Mr. LaPorta does correctly quote meas stating Opelika’s network “has not broken even”.  It is not unusual for capital intensive fiber projects to show a loss in the early years of operation. Rapid growth in capital expenditures is a natural part of any start-up enterprise.  Mr. LaPorta knows perfectly well that it is inappropriate to draw negative conclusions from early-year losses in such projects.  Our business plan projected losses during the first 5 years of the project. OPS is meeting all projections in the business plan.

High-speed access to Internet services is a key requirement for citizen participation in the 21st century.Municipal telecommunications and broadband networks are not new.  Over 143 municipalities provide broadband services. Many municipal utilities have successfully offered broadband to their customers as an adjunct to their electric or other utility services. Local governments provide needed broadband services to address community needs. Municipalities throughout the country, such as Chattanooga, Tennessee; Chanute, Kansas; Santa Monica, California; Lafayette, Louisiana; Burlington, Vermont; Tullahoma,Tennessee; Bristol, Tennessee; Cedar Falls, Iowa; Russellville, Kansas and Wilson, North Carolina have successfully created and operated “gigabit broadband enterprises”. These municipal networks provide excellent service at competitive prices and serve previously unserved areas of the community.

2.         OPSONE contributes to the well-being of the local economy. 

Mr. LaPorta argues that public Internet projects are “a waste of money that will threaten the financial well-being of state and local governments."  LaPorta provides no evidence for these dramatic claims. In fact, municipal networks increase both public and private investment by building broadband infrastructure and creating new business opportunities. Municipal networks add to rather than eliminate competition. It is without dispute, that the fiber-to-the-home broadband network in Opelika has spurred job growth. The Auburn-Opelika area has seen the largest total employment growth in Alabama. In fact, in December 2015, Milken Institute named the Auburn – Opelika MSA as the 10th best performing small city in the United States. The Auburn – Opelika area is among the leaders in Alabama in job creation, wage gains and technology trends.

According to Moody's Investors Service,Opelika’s bond rating is Aa2, which is among the highest ratings in the state of Alabama.
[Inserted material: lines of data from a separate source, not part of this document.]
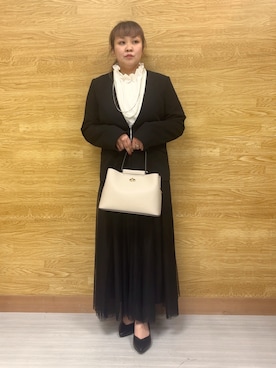 ぁむさんのコーディネート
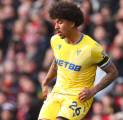 Chris Richards Puas dengan Hasil Imbang Crystal Palace di Markas Liverpool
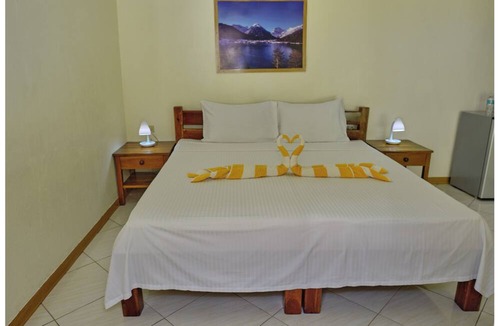 Tawala Hotel | Alona Austria Resort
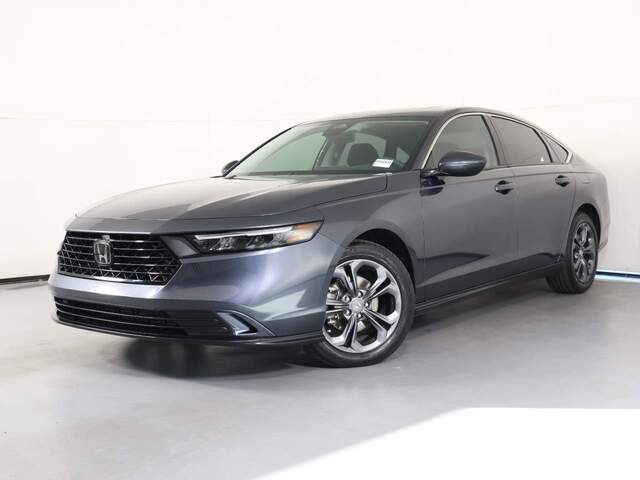 2023 Honda Accord Sedan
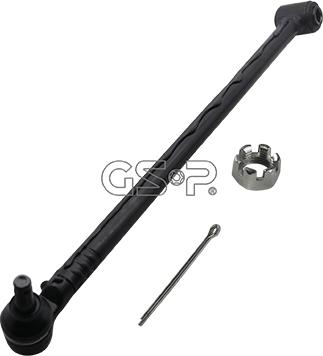 GSP S063093 - Bras de liaison, suspension de roue droxauto.com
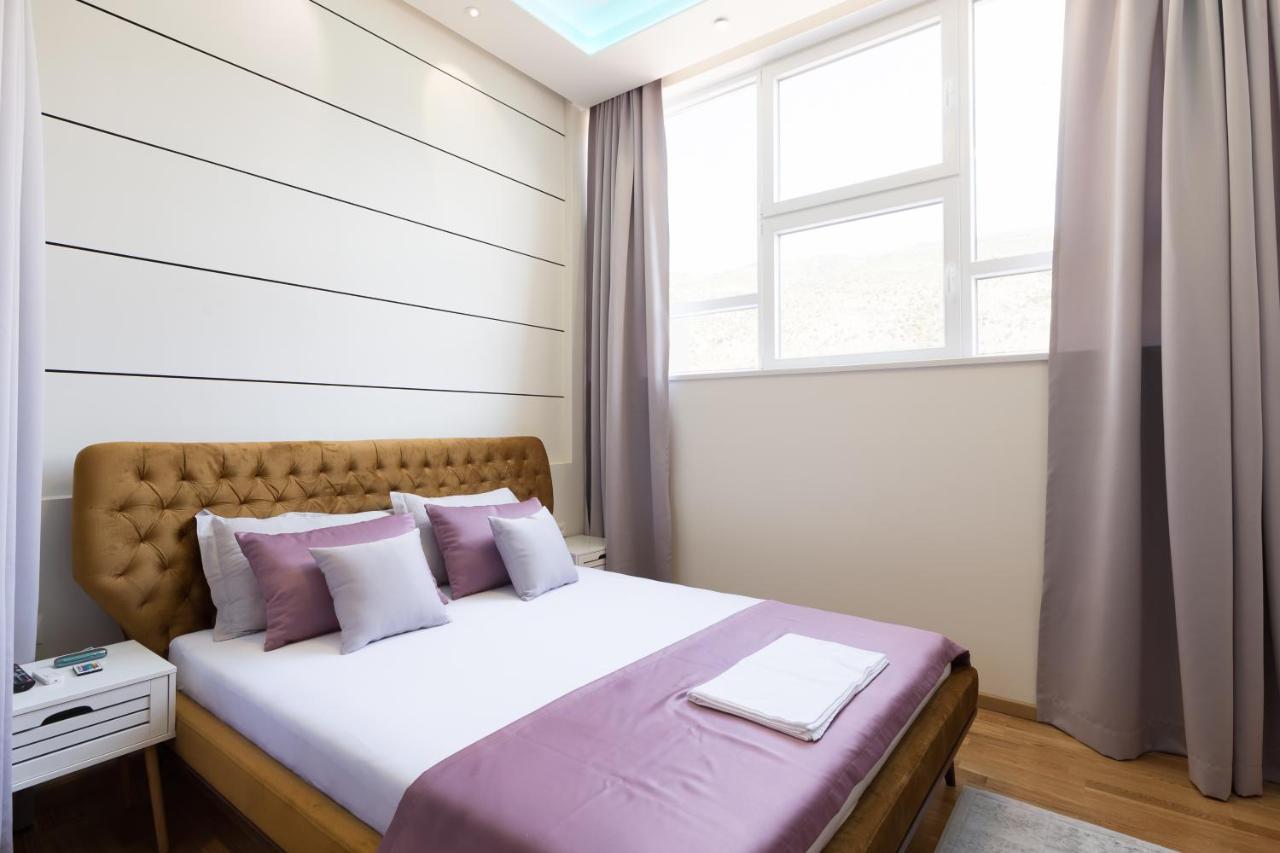 Apartmani Dolina Sunca Мостар Экстерьер фото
This bond rating reflects a solid financial position marked by healthy reserves and a stable tax base. Based upon the incorrectness of Mr. LaPorta’s statements, a casual reader might wonder if Opelika is experiencing financial problems. 

Nothing could be further from the truth.  The local economy is expanding and City government is in excellent financial condition.  The deployment of the FTTH network has not adversely affected the financial condition of the City.


Mr. LaPorta attempts to use the Opelika FTTH network as a platform to discourage other municipalities from pursuing broadband projects. Opelika is very proud of the success that OPS ONE has achieved for the City of Opelika. OPS ONE has created a competitive broadband environment in Opelika. OPS ONE is offering superior infrastructure to its subscribers at competitive prices.

For almost two decades, AT&T,Comcast, Time Warner Cable and Charter Communications have spent millions of dollars to lobby state legislatures, influence elections and buy research to stop the spread of public Internet services that often offer faster speeds and cheaper rates. These companies have succeeded in getting laws passed in 20 states that ban or restrict municipalities from offering Internet to residents. Cable and broad band companies have tried to undermine municipal networks by paying for research from front groups such as Taxpayer Protection Alliance. Instead of improving broadband and infrastructure, these companies have spent millions to resist competition by the municipal networks. In our view, competition is preferable to regulation in a competitive market. It is important that legislators and policymakers recognize the vital role competition plays in achieving better Internet services.

In summary, we are extremely proud of OPS ONE and are confident that it is well positioned for the future.  The system is offering the fastest Internet service in the country at competitive prices.